5. La prevenzione e la manutenzione quali fondamenti della 'conservazione programmata' di Urbani
L'attenzione di Urbani al restauro dei manufatti artistici nel rapporto tra 'tecnica' (nel significato heideggeriano) e conservazione dell'ambiente avviene per tappe successive, ed è certamente sollecitata dal dibattito internazionale immediatamente seguito ai citati disastri di Venezia e Firenze e dall'incontro con due figure, non a caso di formazione scientifica, come il fisico tecnico Marcello Paribeni e il chimico industriale Giorgio Torraca. Nella prima di queste tappe, Urbani dichiara inevasa la fondamentale questione di un'esatta definizione dello stato di conservazione del manufatto su cui si interviene, giacché in genere ci si limita a giudizi di natura semplicemente visiva - 'cattivo, mediocre, buono' - e mai fondati su basi scientifiche; in realtà, si potrà dire di non essere intervenuti a caso su un'opera d'arte solo quando sarà stata individuata una "metodologia di indagine che riferisca dello stato attuale della cosa da conservare come di una entità misurabile, a partire dalla quale siano oggettivamente deducibili le tecniche appropriate per rallentarne al massimo la continua evoluzione [del deperimento]" (v. Urbani, 1973, p. 8). Dopo di che Urbani sottolinea come l'inevitabile aggiunta di nuove sostanze connessa a ogni intervento di restauro renda ancora più eterogeneo l'originario complesso di materiali e strutture costitutivo di ogni opera d'arte, e avverte che quanto più un oggetto è eterogeneo, tanto più complessa ne diviene la conservazione. Ciò vale ancora di più quando queste eterogeneità siano indotte da sostanze di formulazione moderna, senza quindi conoscerne esattamente l'evoluzione nel tempo, e quando queste stesse sostanze, pur se in teoria reversibili, non lo siano più, o lo siano soltanto limitatamente, perché divenute parte integrante del manufatto di partenza. Così da poter affermare - allora e oggi - che ogni restauro, oltre a essere un intervento post factum (un intervento, cioè, che riconosce un danno avvenuto), rappresenta anche un potenziale acceleratore del naturale degrado cui è sottoposta nel tempo un'opera d'arte. Il problema che si pone a un conservatore, dunque, non è tanto quello di come arrivare a eseguire restauri sempre migliori, quanto quello di fare in modo che le opere d'arte abbiano sempre meno bisogno di restauri.

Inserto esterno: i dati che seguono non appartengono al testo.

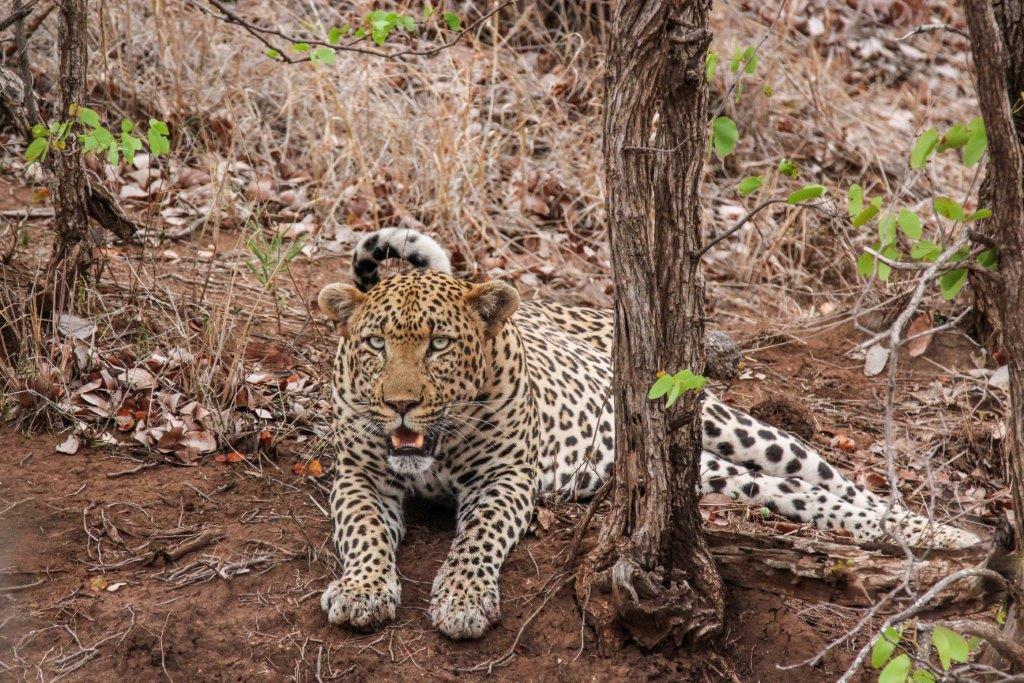 background image for - 3 Days Tanzania Private Safari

Partendo da queste premesse, Urbani passa poi a osservare come nuovissimi e violenti fenomeni di squilibrio ambientale - dalle eccezionali variazioni nella distribuzione della popolazione sul territorio allo sviluppo di una sempre più rapace edilizia speculativa, dall'avanzare di un capillare dissesto idrogeologico all'inarrestabile progredire dell'inquinamento industriale così come di quello derivato dai riscaldamenti domestici e dal traffico veicolare urbano - stiano provocando la manomissione, fino al rischio della cancellazione, della qualità certamente più singolare ed entusiasmante del patrimonio artistico italiano: la sua inestricabile contestualità al territorio sul quale è andato stratificandosi in millenni. E da questa piana constatazione conclude che la nuovissima sfida di fronte alla quale si trova l'ICR - in quanto luogo istituzionale dell'elaborazione delle politiche di conservazione materiale del patrimonio artistico della nazione - è quella di mettere a punto gli idonei strumenti tecnico-scientifici e organizzativi che consentano il passaggio dal restauro alla 'conservazione programmata'. Il passaggio, cioè, da una tutela che si identifica in una somma di singoli interventi di restauro potenzialmente dannosi e sporadicamente condotti su un agglomerato puntiforme di manufatti, a una tutela che si identifica con la programmazione di una ragionata attività di prevenzione dai rischi ambientali e di una manutenzione ordinaria da svolgere sull'insieme del patrimonio artistico, per far sì che questo abbia, appunto, sempre meno bisogno di restauri. È giusto evidenziare che la nozione di 'conservazione programmata' è valida per qualsiasi paese nel quale esistano problemi di tutela di contesti urbani e territoriali segnati da presenze monumentali storiche: dall'Acropoli d'Atene alle case medievali in legno dipinto di Bergen, in Norvegia, dal centro storico di Marrakech, in Marocco, alla Grande Muraglia cinese o ai templi Inca del Perù.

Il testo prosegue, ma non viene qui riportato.